Close

TI-86 Logic Analysis

A project log for Vintage Z80 palmtop compy hackery (TI-86)

It even has a keyboard!

eric-hertzEric Hertz 09/03/2021 at 18:100 Comments

whelp... I managed to speed up the sampling rate dramatically...

My signal is /supposed/ to toggle (or not) at 8us intervals...

My original sampling code took 39T-States per sample, or at 6MHz 6.5us/sample... IF I understand the z80 right...

The new code doesn't use a loop. INIR takes 21T states for each of 256 samples until the last one where it takes 5 fewer, since it doesn't repeat/loop itself.

So, presumably (I have Very Little to go on, here) if I insert a 5 T-State "NOP" between calls to INIR, then samples would be perfectly spaced in time, even crossing from sample 256 to sample 257. Thus each sample now takes 21 T-States, or 3.5us (at 6MHz). Right?

Now, at 3.5us/sample and 8us signals, each high or low should be /at least/ 2 samples, right? I mean, even if it's as they say and the TI-86's clock speed decreases with the batteries, still hard to imagine it'd slow too dramatically... 2+ samples per high/low still seems pretty reasonable... right? And, /surely/ the clock rate doesn't vary dramatically between cycles, right?

But... Apparently.... 

There are still /many/ single-sample highs and lows, some even back-to-back!

...

I'm at a bit of a loss... theories abound, but testing them all would be quite an undertaking. Especially since documentation on this protocol is /sparse/.

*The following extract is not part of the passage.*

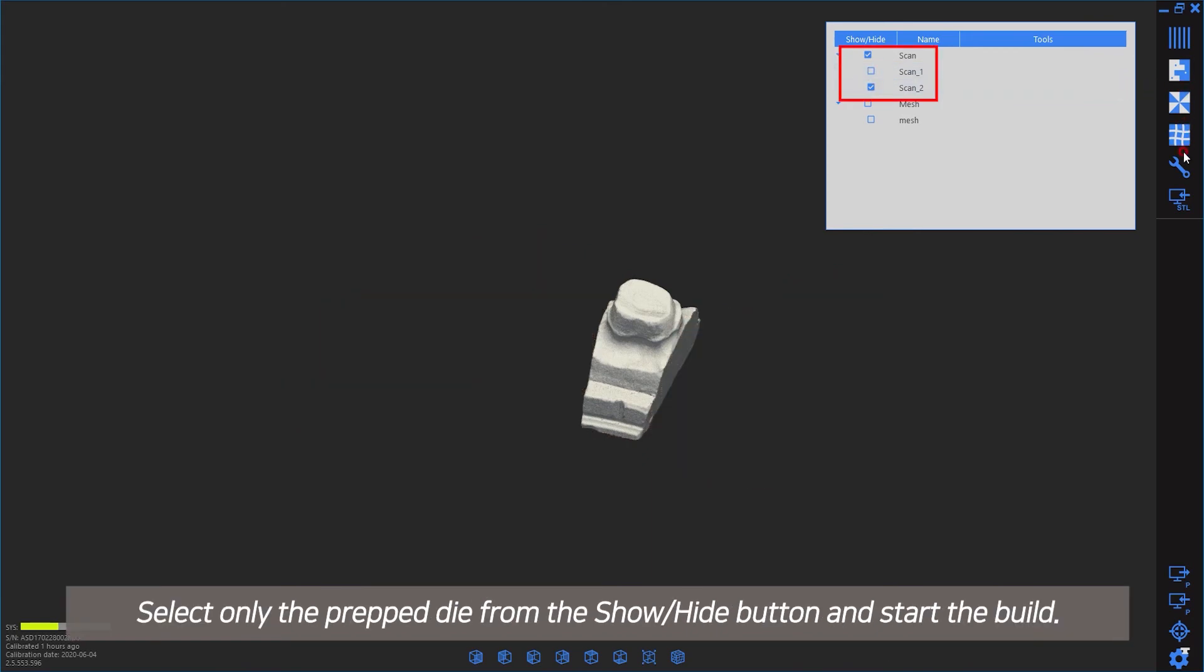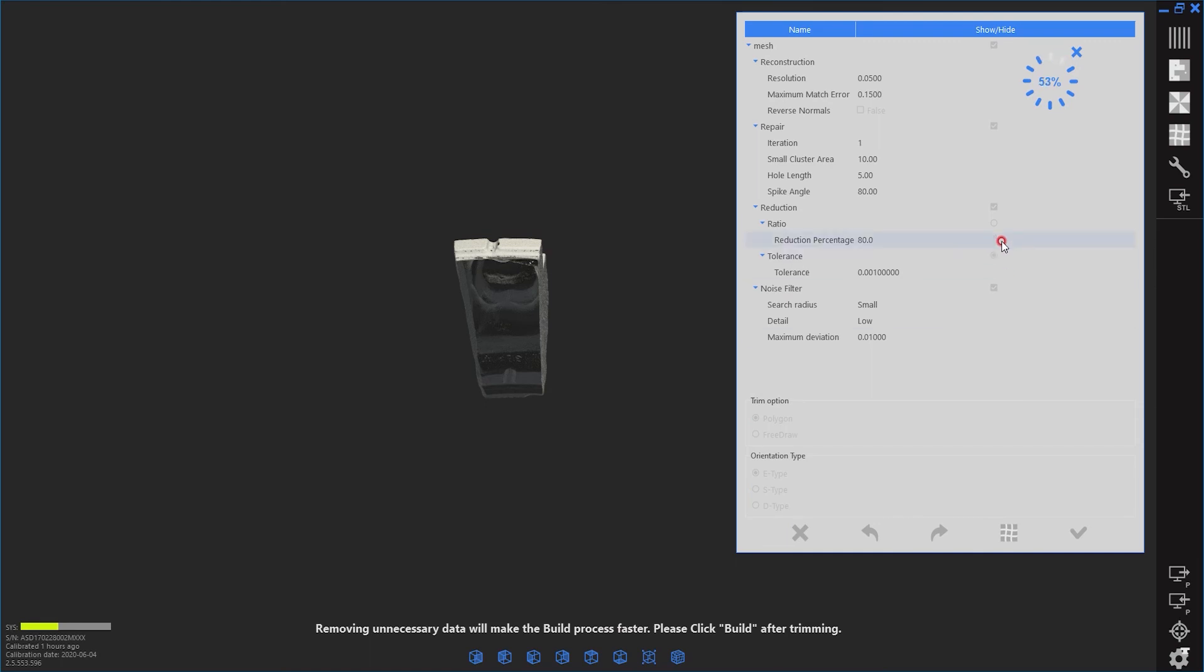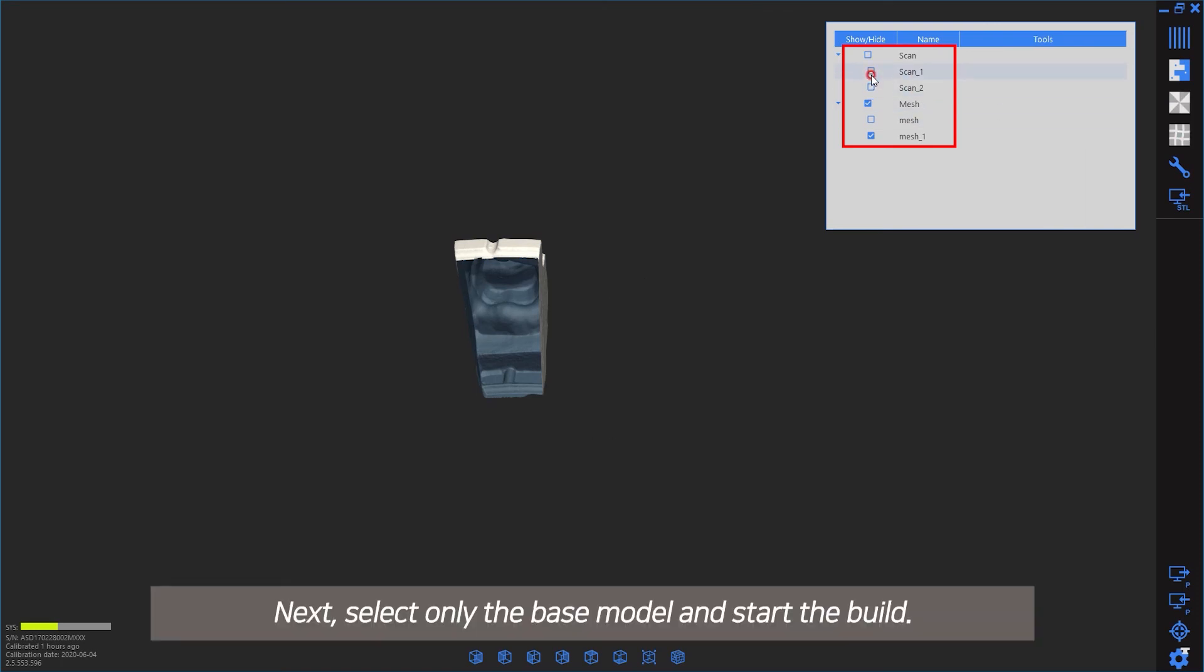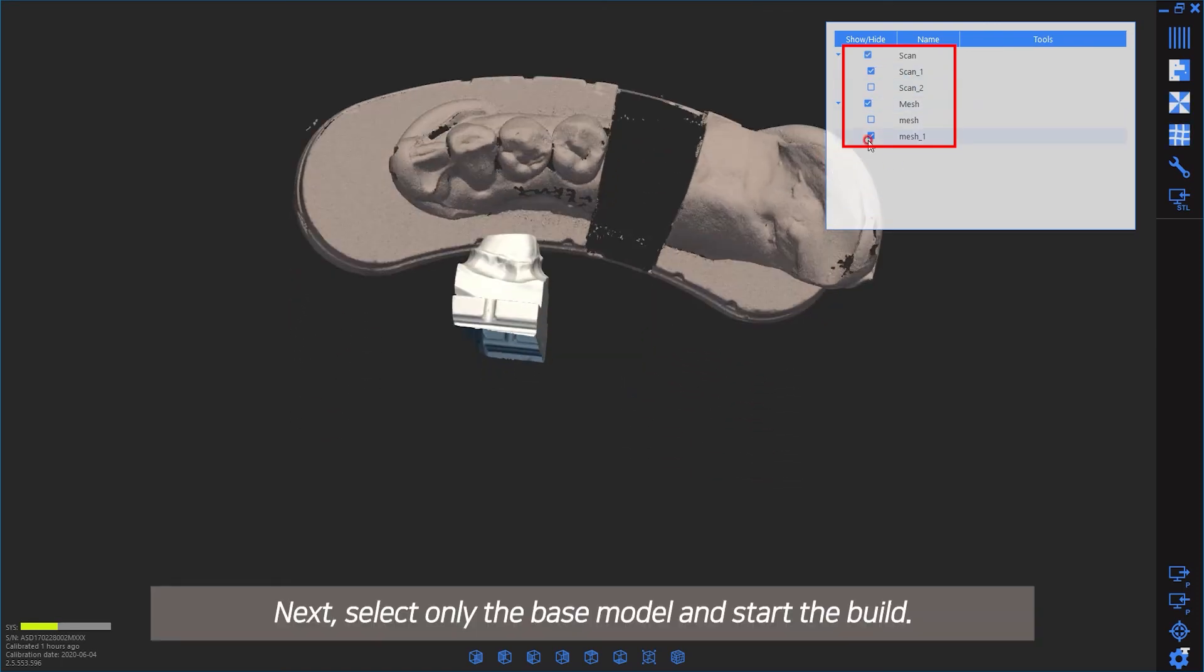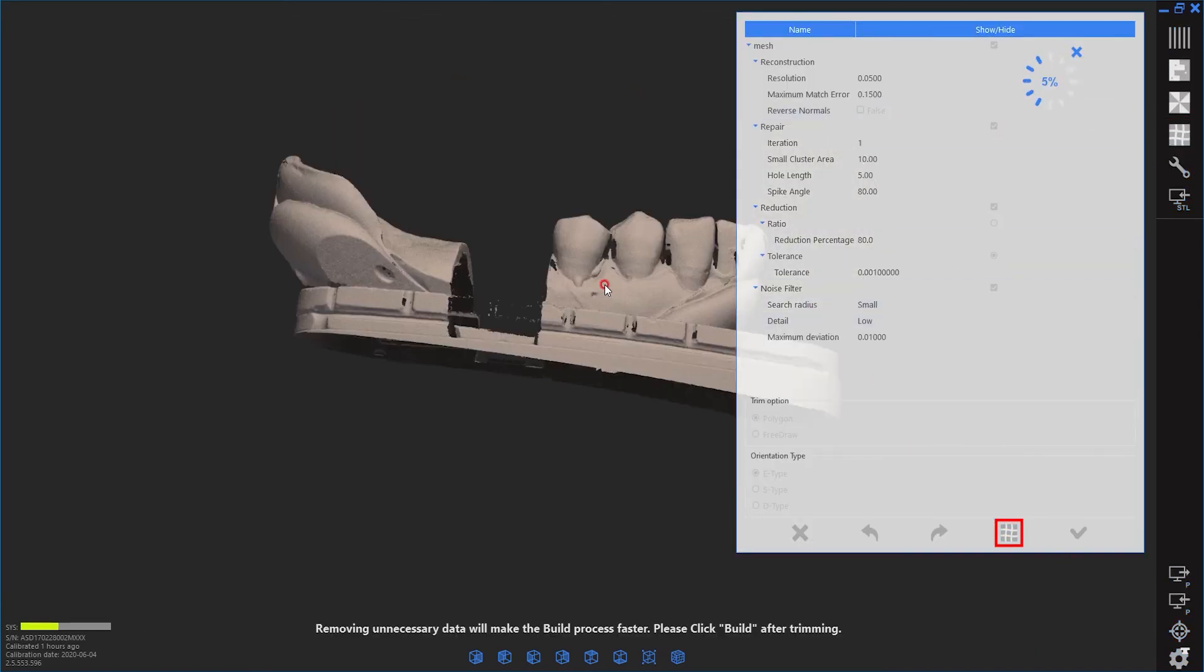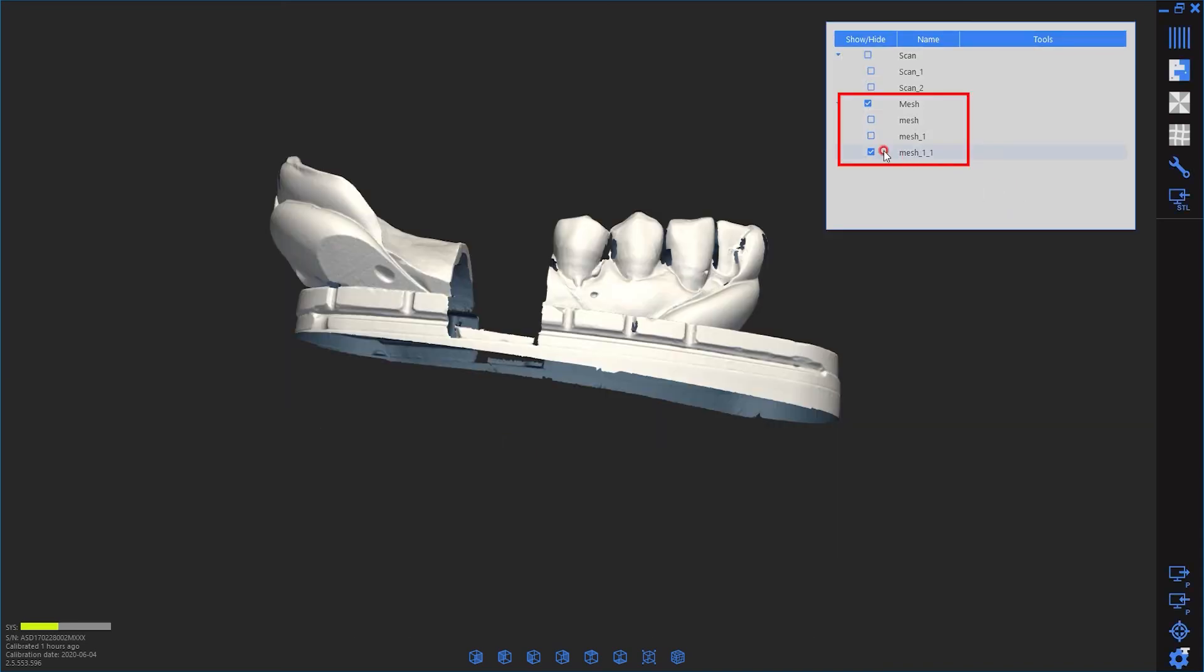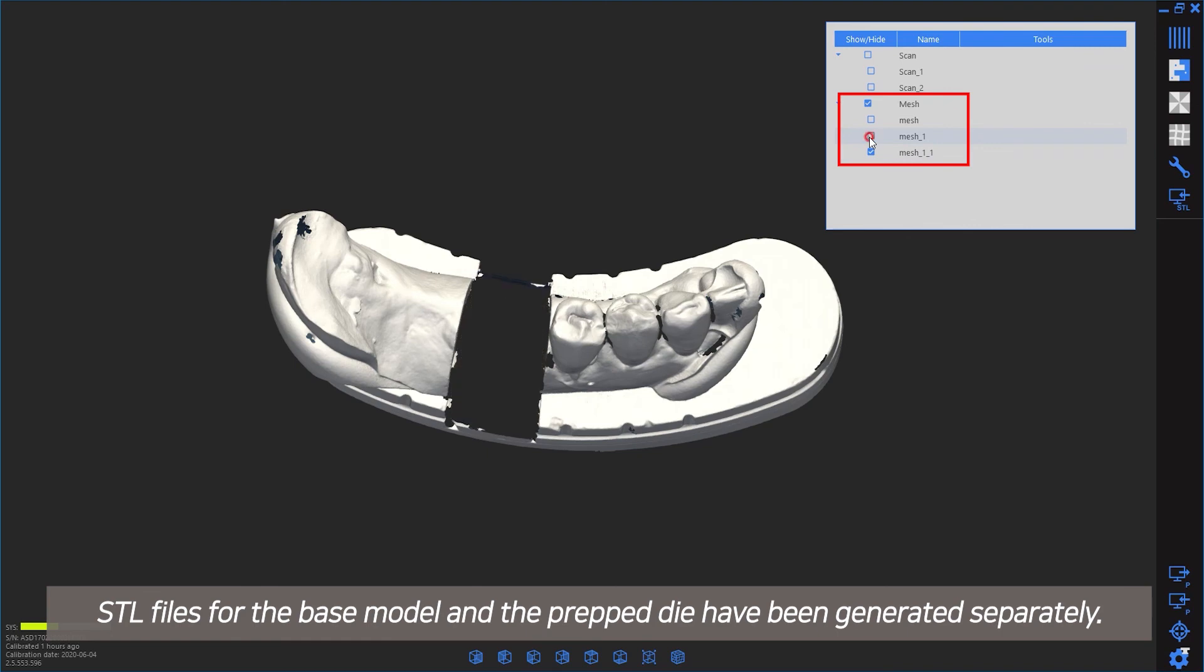Select only the prepped die from the show/hide button and start the build. Next, select only the base model and start the build. STL files for the base model and prep die have been generated separately.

The other factor is that this may not really serve my end-goal. Theory there, allegedly, goes that since this particular signal bus is always chattering, rather than only responding to requests from the external device (i.e. my calculator), there must be another signal bus for the latter purpose.

Now, there /is/ wiring for that... but, as I said, documentation has been sparse, and since it'd only speak when spoken-to, I have to figure out /how/ to speak to it in the first place! And, of course, /presume/ that whatever I come up with actually "sounds" like what I think it should to the other device. Did I mention that this second bus uses a different protocol entirely?

So, there's that...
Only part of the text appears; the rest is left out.